# Federal 5.56 Military Spec @ walmart $149.00 with ammo can



## O.M.F.U.G.

Go this today, price was $149.00 for 420 rounds. 62 Grain FMJ Ball ammo. They all come already on stripper clips and has a speed loader for your mags. You get a metal ammo can that is in very good shape and the seal is very good. Pricey for a spend, but I feel better now that I have ballistic military spec ammo now.


----------



## acidlittle

*Re: Federal 5.56 Military Spec @ walmart $149.00 with ammo c*

And that was at your Walmart?? Nice. My Walmart never has anything like that!


----------



## ZillaMonster

*Re: Federal 5.56 Military Spec @ walmart $149.00 with ammo c*

I think walmart is getting more into the ammo lines now since people are ordering from places like cheaperthandirt.com. they know they are losing money. They don't want to do that!


----------



## acidlittle

*Re: Federal 5.56 Military Spec @ walmart $149.00 with ammo c*

They should make "Wal-Mart Tactical" stores then. My City has two walmarts and that's where I get my ammo (Tulammo-works surprisingly well in all of my firearms), one is always busy and the people complain about having to get me ammo, the other always has it in stock and the people like to talk to me about what i shoot, since I buy 4 different calibers every time I go.

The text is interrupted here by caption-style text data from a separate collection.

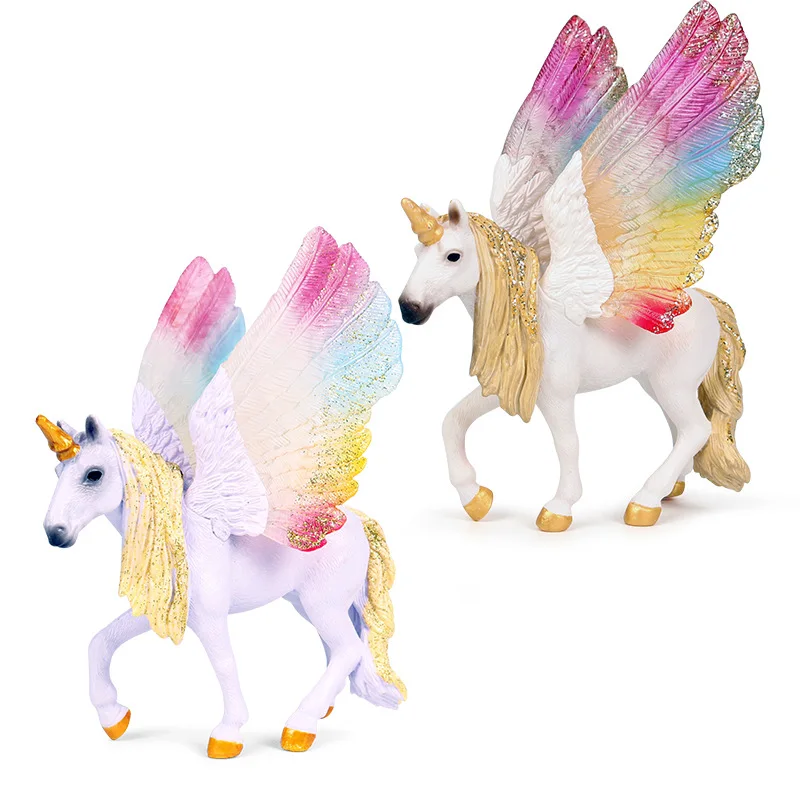 

Simulation mythology series animal models Children's toys Ornaments Divine animals Fairy horses Phantom flying horses Unicorn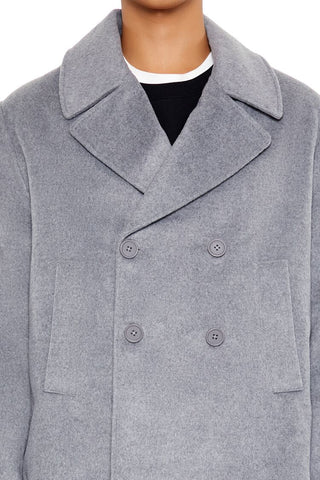 Notched Double-Breasted Coat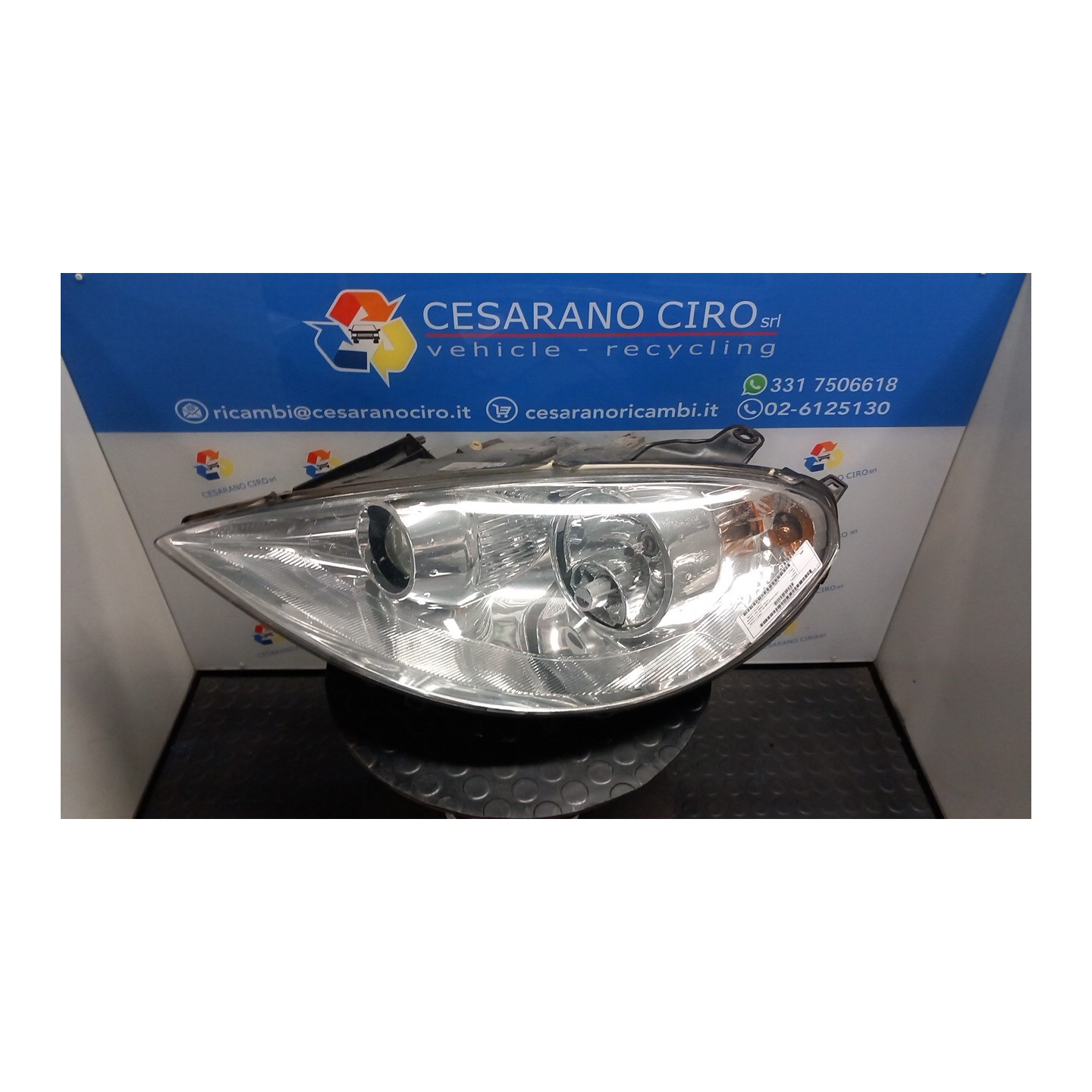 PROIETTORE SX. 026 PEUGEOT 807 (09/02-10/13) 4HW 6208F1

Funny thing is we have an outdoor store, that sells 99% shotguns, when we (last year) got our concealed carry laws changed, they didn't even try to carry more pistol ammo, our walmarts are crushing them because they didn't change their inventory. They lost me as a customer (I tried to support them) because they didn't keep it stocked.

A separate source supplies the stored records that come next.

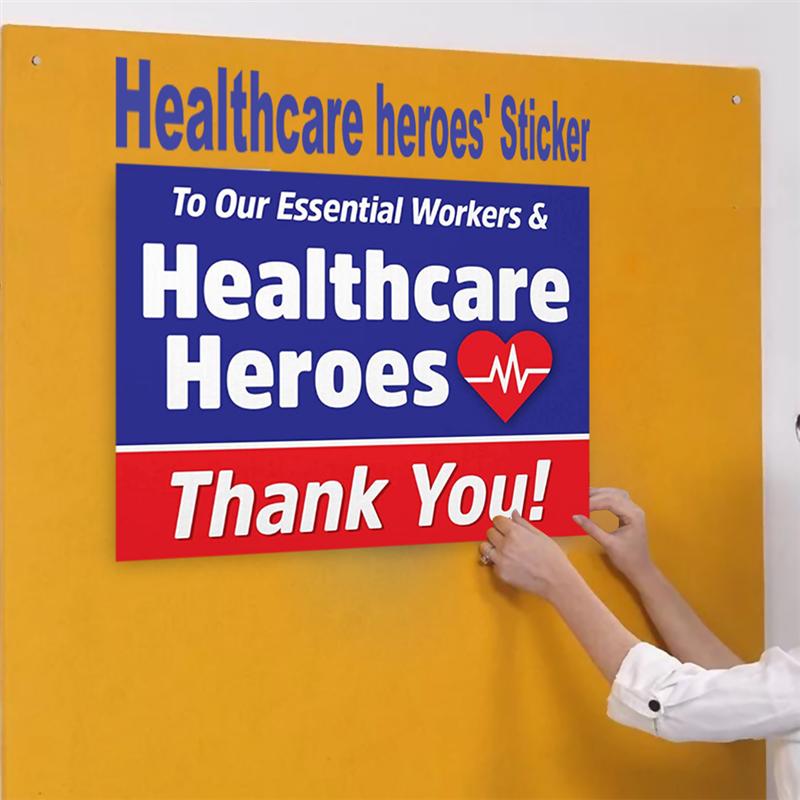 Healthcare Worker Hero Sticker Lawn Sign Gardening Sign Display Rack Sticker Thank You Essential Employees Sticker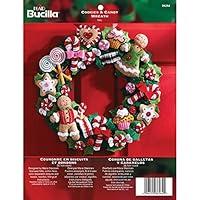 Algopix Similar Product 13 - Bucilla Felt Applique Wreath Kit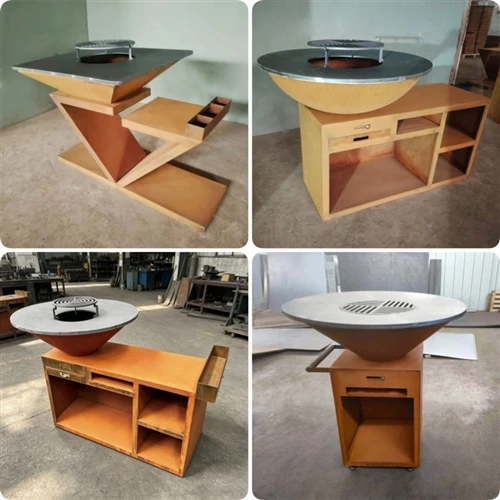 Corten Steel BBQ-grillit ja ulkokeittiöt
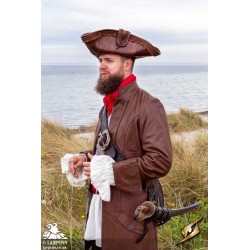 Pirate Tricorn - Faux Leather Hat
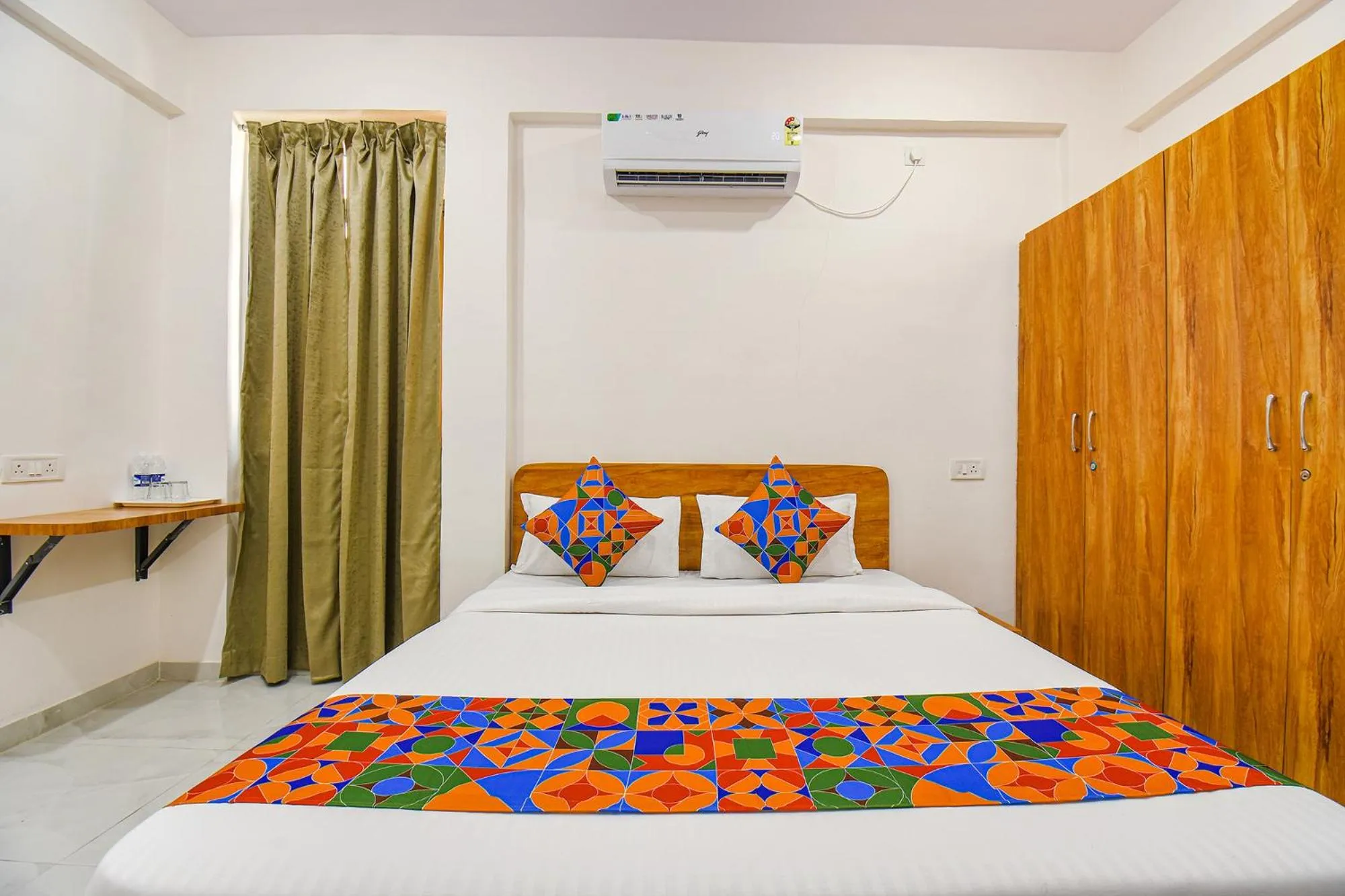 Bed in FabHotel Prime Esta Inn - Nr Twin Tower, Viman Nagar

Big box wins again, unfortunately. If I see one of those ammo cans for sale at my walmart I will induldge.

Is that a .30 cal ammo can?


----------



## gitnready4it

*Re: Federal 5.56 Military Spec @ walmart $149.00 with ammo c*

Bought one at local wally world last weekend. Very good stuff and nice box(30mm). Academy has the same one for $169.00.


----------